## Exercise
Transcribe exactly the lines from the top of the records below through the line that holds "2530 SHARON Way, Eugene, OR 97401", both included, with no pictures.

(Dataset excerpts)
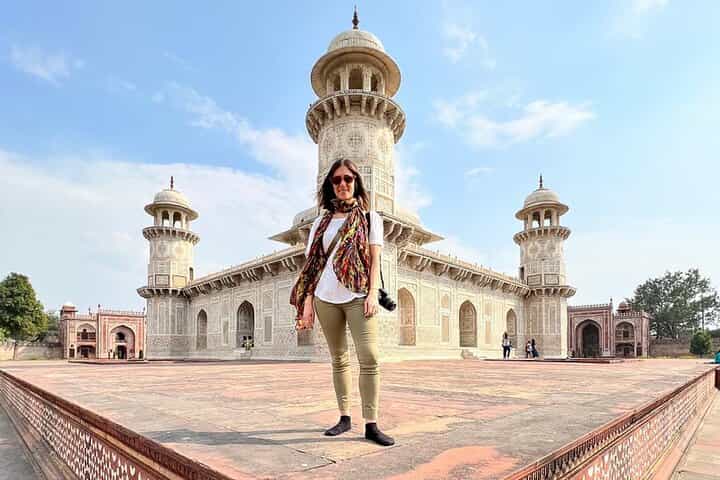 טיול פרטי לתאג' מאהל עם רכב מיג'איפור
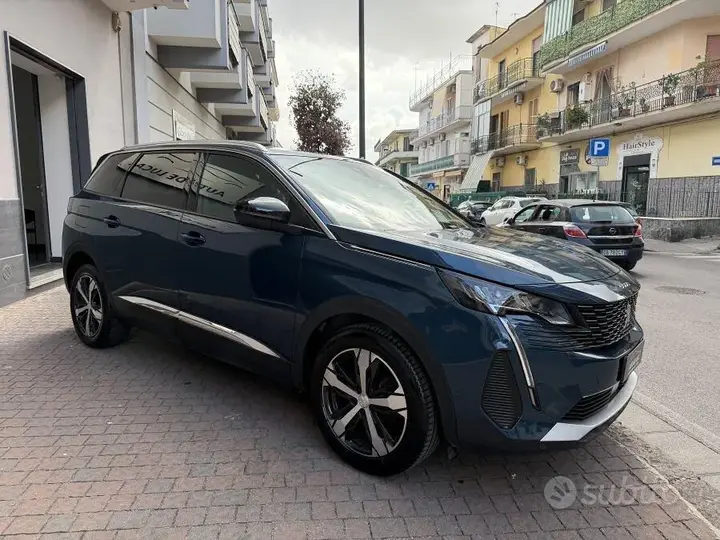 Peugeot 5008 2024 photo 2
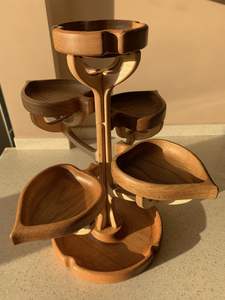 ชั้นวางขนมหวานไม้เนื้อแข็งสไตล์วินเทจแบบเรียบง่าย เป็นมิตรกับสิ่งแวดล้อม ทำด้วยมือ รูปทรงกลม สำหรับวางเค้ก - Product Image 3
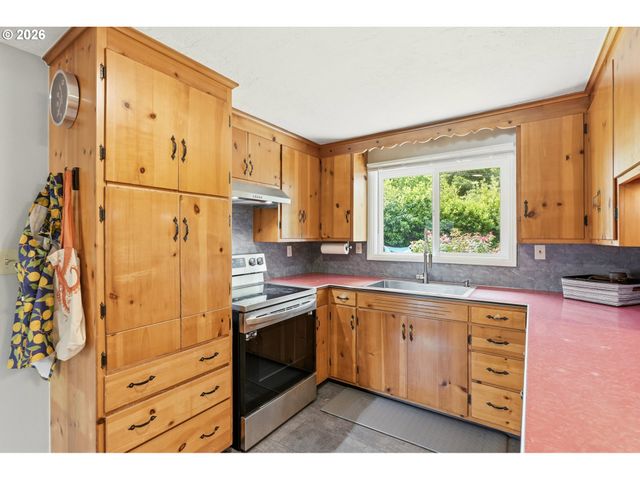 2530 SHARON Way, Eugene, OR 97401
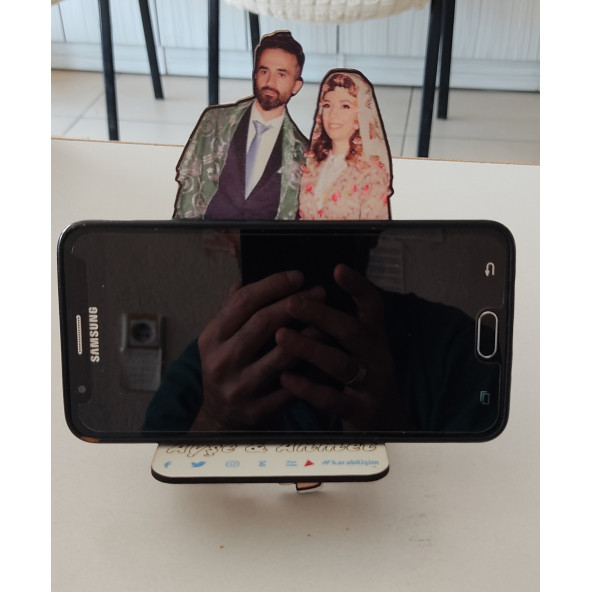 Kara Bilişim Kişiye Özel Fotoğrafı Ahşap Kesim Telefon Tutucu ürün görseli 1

## Solution to the problem
 טיול פרטי לתאג' מאהל עם רכב מיג'איפור
 Peugeot 5008 2024 photo 2
 ชั้นวางขนมหวานไม้เนื้อแข็งสไตล์วินเทจแบบเรียบง่าย เป็นมิตรกับสิ่งแวดล้อม ทำด้วยมือ รูปทรงกลม สำหรับวางเค้ก - Product Image 3
 2530 SHARON Way, Eugene, OR 97401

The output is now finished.